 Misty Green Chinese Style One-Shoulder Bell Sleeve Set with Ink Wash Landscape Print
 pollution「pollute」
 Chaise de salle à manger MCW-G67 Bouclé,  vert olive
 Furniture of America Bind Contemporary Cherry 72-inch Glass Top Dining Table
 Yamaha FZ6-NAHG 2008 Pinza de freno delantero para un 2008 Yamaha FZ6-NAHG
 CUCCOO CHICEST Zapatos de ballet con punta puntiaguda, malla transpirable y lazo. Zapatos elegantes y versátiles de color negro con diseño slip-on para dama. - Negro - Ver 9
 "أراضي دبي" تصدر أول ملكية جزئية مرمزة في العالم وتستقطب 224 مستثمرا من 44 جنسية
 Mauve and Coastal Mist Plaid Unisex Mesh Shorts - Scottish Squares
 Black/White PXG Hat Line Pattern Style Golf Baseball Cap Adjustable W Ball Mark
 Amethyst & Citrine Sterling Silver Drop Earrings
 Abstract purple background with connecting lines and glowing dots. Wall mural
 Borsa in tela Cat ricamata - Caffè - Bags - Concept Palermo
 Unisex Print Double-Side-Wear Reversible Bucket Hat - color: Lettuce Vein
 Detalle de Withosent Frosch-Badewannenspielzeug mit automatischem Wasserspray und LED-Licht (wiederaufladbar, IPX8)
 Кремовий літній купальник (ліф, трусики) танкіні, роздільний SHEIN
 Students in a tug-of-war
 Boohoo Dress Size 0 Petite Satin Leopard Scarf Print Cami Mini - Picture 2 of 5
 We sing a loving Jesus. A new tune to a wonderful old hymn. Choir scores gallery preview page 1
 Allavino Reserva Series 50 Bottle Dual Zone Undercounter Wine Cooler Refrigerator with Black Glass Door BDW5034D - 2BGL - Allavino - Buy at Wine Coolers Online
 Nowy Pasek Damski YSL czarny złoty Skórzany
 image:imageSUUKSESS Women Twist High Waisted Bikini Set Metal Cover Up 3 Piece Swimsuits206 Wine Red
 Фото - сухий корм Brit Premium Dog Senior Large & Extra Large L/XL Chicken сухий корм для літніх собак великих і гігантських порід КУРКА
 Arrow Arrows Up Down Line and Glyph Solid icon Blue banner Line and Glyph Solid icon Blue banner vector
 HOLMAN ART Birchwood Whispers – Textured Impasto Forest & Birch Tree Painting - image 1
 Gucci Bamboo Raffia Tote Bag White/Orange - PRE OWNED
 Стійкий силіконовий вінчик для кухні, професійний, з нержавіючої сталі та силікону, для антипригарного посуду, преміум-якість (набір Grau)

^^^^^^^^

- TASK DETAILS: Your answer should be the lines above, from the line containing "من 44 جنسية" up to and including the line containing "Gucci Bamboo Raffia", reproduced exactly and with nothing else.

- RESULT:
 "أراضي دبي" تصدر أول ملكية جزئية مرمزة في العالم وتستقطب 224 مستثمرا من 44 جنسية
 Mauve and Coastal Mist Plaid Unisex Mesh Shorts - Scottish Squares
 Black/White PXG Hat Line Pattern Style Golf Baseball Cap Adjustable W Ball Mark
 Amethyst & Citrine Sterling Silver Drop Earrings
 Abstract purple background with connecting lines and glowing dots. Wall mural
 Borsa in tela Cat ricamata - Caffè - Bags - Concept Palermo
 Unisex Print Double-Side-Wear Reversible Bucket Hat - color: Lettuce Vein
 Detalle de Withosent Frosch-Badewannenspielzeug mit automatischem Wasserspray und LED-Licht (wiederaufladbar, IPX8)
 Кремовий літній купальник (ліф, трусики) танкіні, роздільний SHEIN
 Students in a tug-of-war
 Boohoo Dress Size 0 Petite Satin Leopard Scarf Print Cami Mini - Picture 2 of 5
 We sing a loving Jesus. A new tune to a wonderful old hymn. Choir scores gallery preview page 1
 Allavino Reserva Series 50 Bottle Dual Zone Undercounter Wine Cooler Refrigerator with Black Glass Door BDW5034D - 2BGL - Allavino - Buy at Wine Coolers Online
 Nowy Pasek Damski YSL czarny złoty Skórzany
 image:imageSUUKSESS Women Twist High Waisted Bikini Set Metal Cover Up 3 Piece Swimsuits206 Wine Red
 Фото - сухий корм Brit Premium Dog Senior Large & Extra Large L/XL Chicken сухий корм для літніх собак великих і гігантських порід КУРКА
 Arrow Arrows Up Down Line and Glyph Solid icon Blue banner Line and Glyph Solid icon Blue banner vector
 HOLMAN ART Birchwood Whispers – Textured Impasto Forest & Birch Tree Painting - image 1
 Gucci Bamboo Raffia Tote Bag White/Orange - PRE OWNED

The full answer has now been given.